I’ll be honest–this was surprisingly low-key for a season premiere. I was expecting it to be energetic and manic in true Moffat fashion, but instead it was very quiet and kind of subdued. If this was supposed to be a brand-new jumping on point for new viewers, I’m not sure if they would have found anything to get them excited and wanting to see more–expect maybe Capaldi, who gets some excellent Doctor-y lines in this episode (things like poetry is the same as physics because of the rhyming and that awesome dissertation on Time and Relative Dimension in Space). The more I see of Capaldi, the more I’m going to miss Twelve.

I was a little bit disappointed with Bill as well. There wasn’t really anything about her that reached out and grabbed me, but I’m going to wait a bit before passing judgement on her. After all, I didn’t really start to like Clara until season 8, but I hope it won’t take me as long to like Bill, especially considering the rumors that she’ll only be around for one season. I will say one thing I like about her, though–they’re setting her up to be a pupil-style companion like Ace, and I am excited to see how that turns out. I think some of the Doctor’s best interactions with his companions have been with him in the role of teacher. Seeing Capaldi in the role of teacher-Doctor will be the perfect way to end his run on the show.

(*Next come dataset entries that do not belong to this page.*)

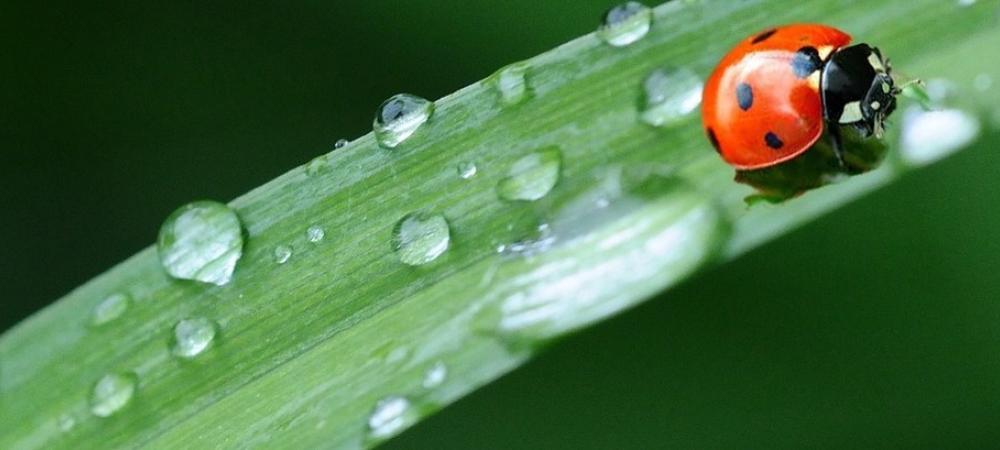 ladybug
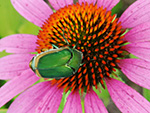 Green June Beetle on Coneflower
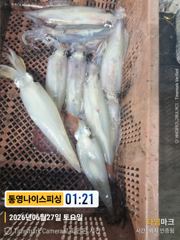 통영나이스피싱!!! 수심25  지켜 사진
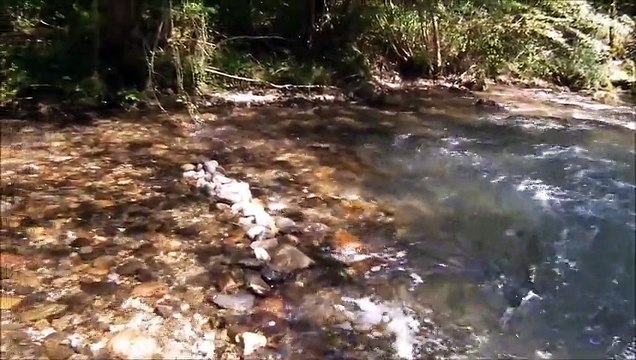 FONTAINE INTERMITTENTE DE FONTESTORBES ( ARIEGE °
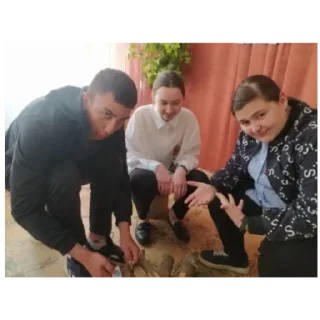 Стикер ТДАЛЕВДВ ОПГ - 8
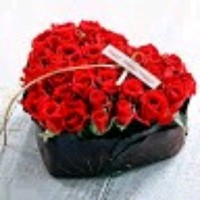 Afif Elshamy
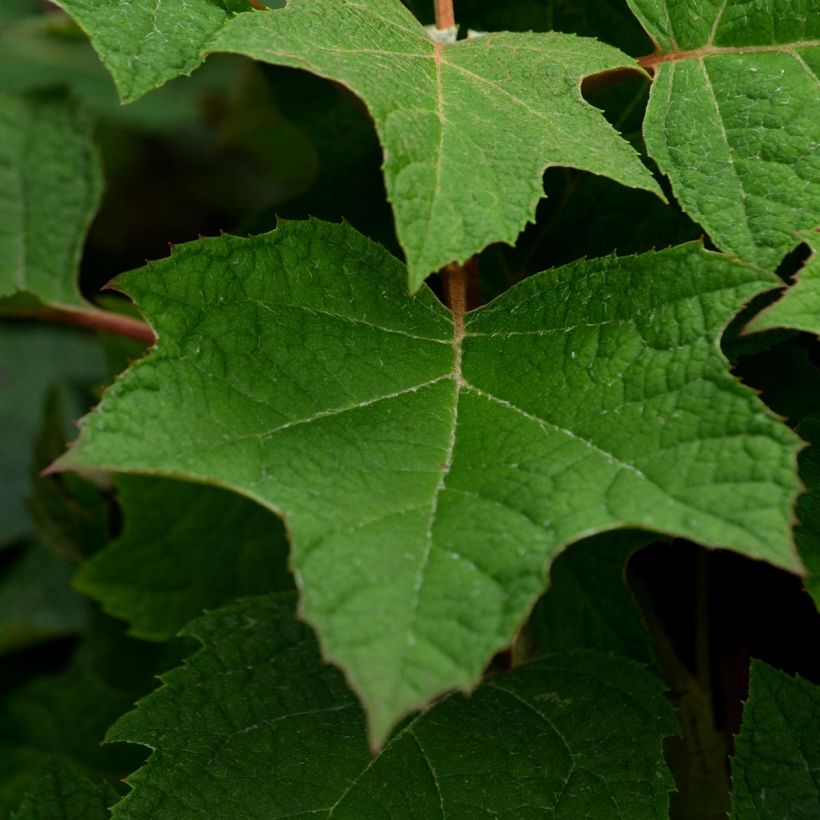 Tammihortensia Harmony (Lehvistö)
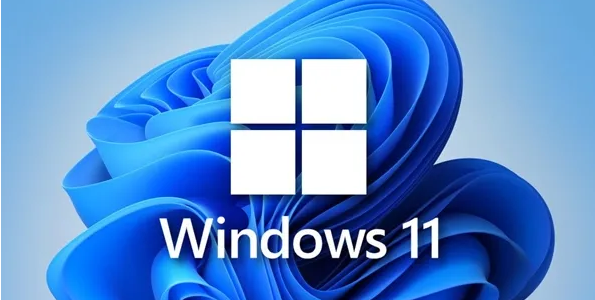 Windows11打开设备同步备份功能技巧分享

And I’m just going to get this out of the way now–Bill lives with her foster-mother Moira since her birth mother is dead. We don’t know who her father is, which means he’s either not important or the Master, who we already know is returning in the persona of John Simm. I have literally nothing to base this on except the fact that this is Moffat’s last season, and after seven years of him as showrunner, I put nothing past him anymore. Nothing.

We did get to see the Movellans from “Destiny of the Daleks” again, but it wasn’t nearly as long as I would have liked. Perhaps they’ll be back for a longer period of time later in the season. I don’t think they would have hyped the Movellans’ return so much if they were only going to be back for ten seconds.